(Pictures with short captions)
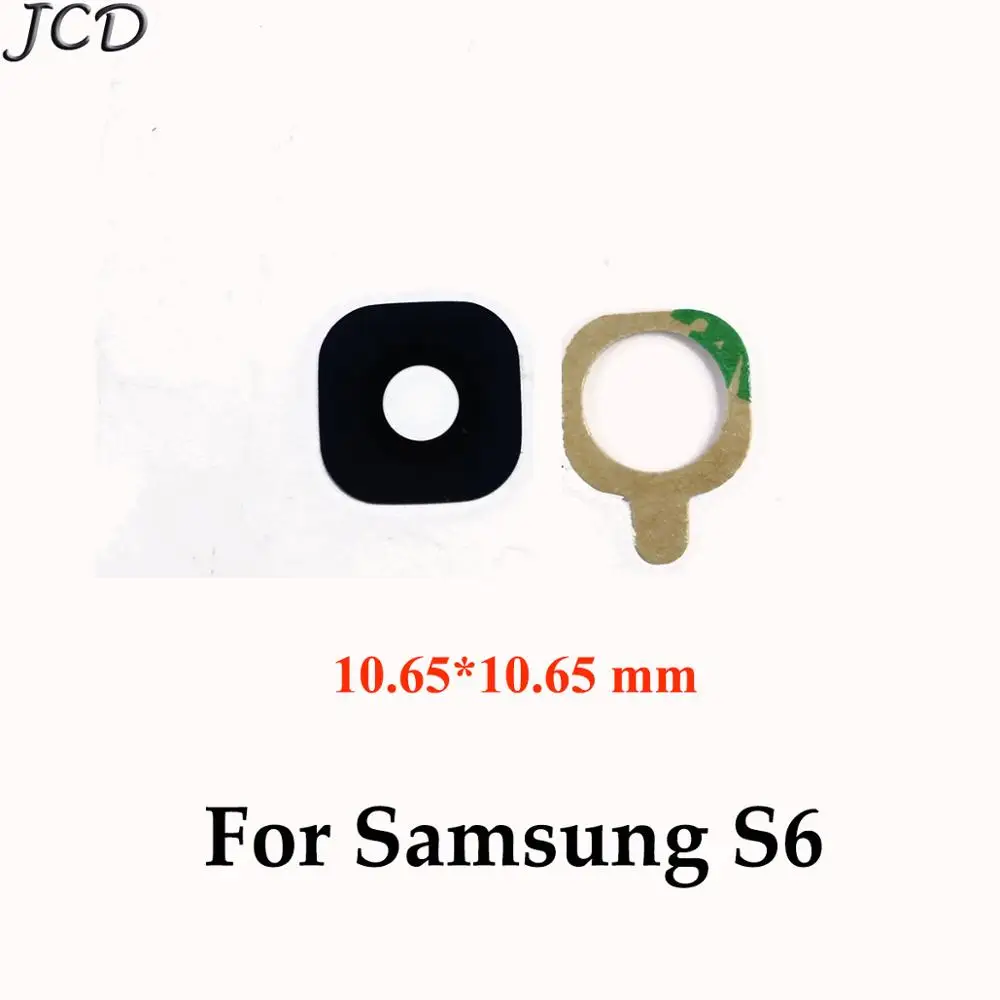 Стеклянное кольцо JCD для задней камеры крышка объектива Samsung Galaxy S4 S5 S3 S6 S7 edge Plus S8 S9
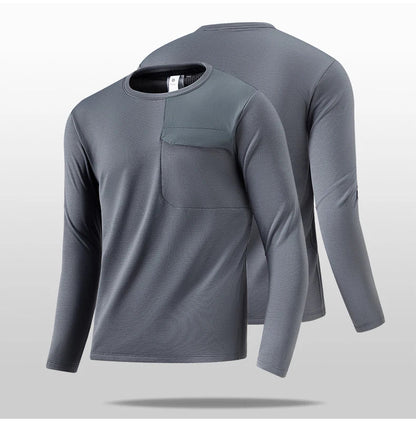 2025 Warm Long-Sleeved Fitness Jacket High-Quality Outdoor Sports Top with Stand-Up Collar for Autumn/Winter Running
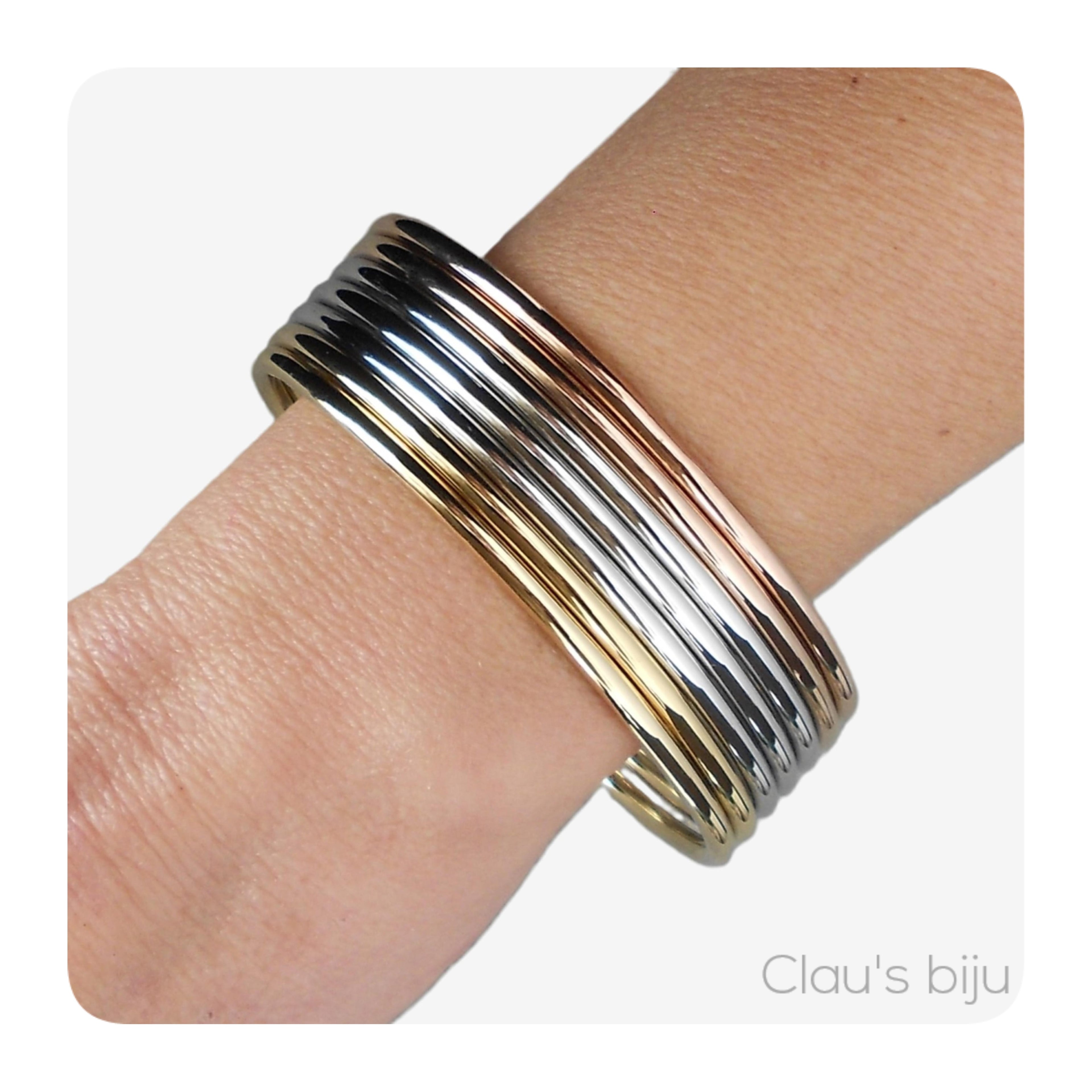 Pulseiras em aço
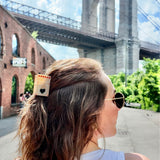 Hand-painted Matchbox Hair Claw Clip | Eco-Friendly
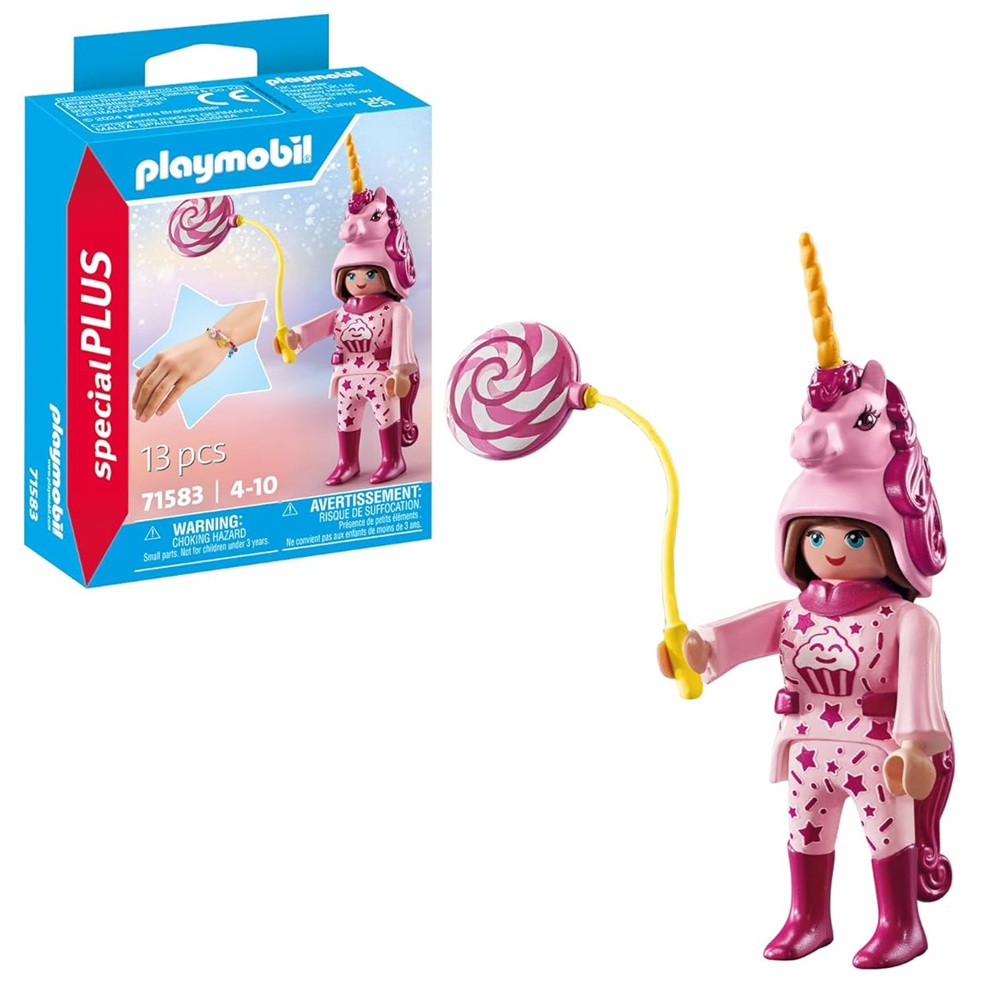 Playmobil Special Plus 71583 Słodki jednorożec, zabawki Nino Bochnia, pomysł na prezent dla 5 latki, figurka dziewczynki jednorożca
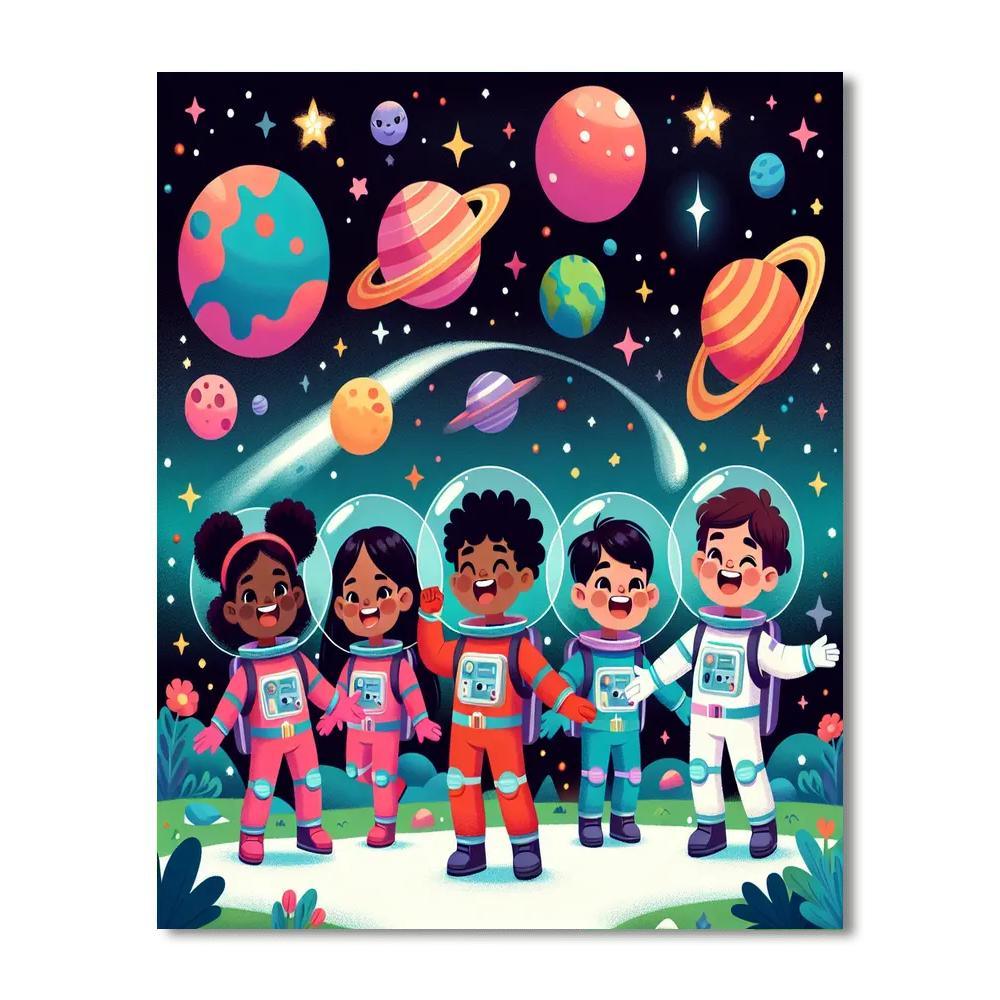 Celestial Stardust Explorers Painting By Numbers Kit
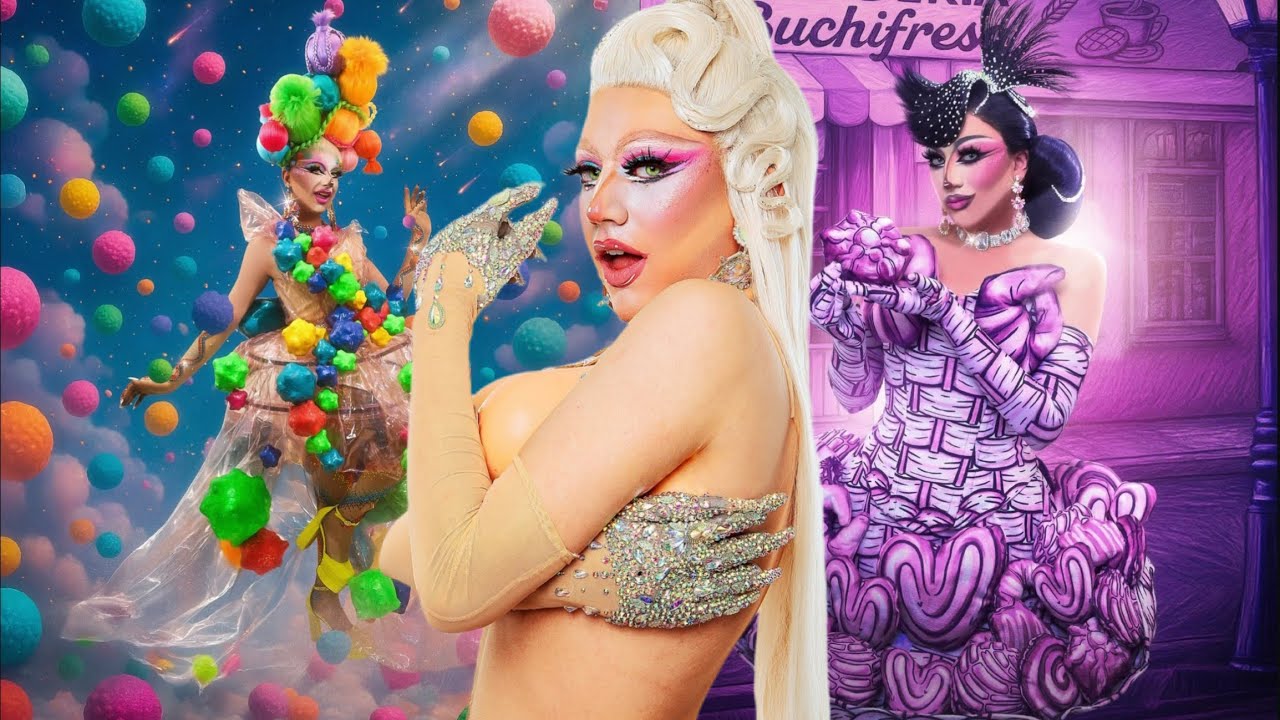 All the Looks of BRIGHTY STUN from LA MÁS DRAGA 7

[Task to carry out]
Print each record exactly as it stands, skipping the pictures.

[Solved problem]
 Стеклянное кольцо JCD для задней камеры крышка объектива Samsung Galaxy S4 S5 S3 S6 S7 edge Plus S8 S9
 2025 Warm Long-Sleeved Fitness Jacket High-Quality Outdoor Sports Top with Stand-Up Collar for Autumn/Winter Running
 Pulseiras em aço
 Hand-painted Matchbox Hair Claw Clip | Eco-Friendly
 Playmobil Special Plus 71583 Słodki jednorożec, zabawki Nino Bochnia, pomysł na prezent dla 5 latki, figurka dziewczynki jednorożca
 Celestial Stardust Explorers Painting By Numbers Kit
 All the Looks of BRIGHTY STUN from LA MÁS DRAGA 7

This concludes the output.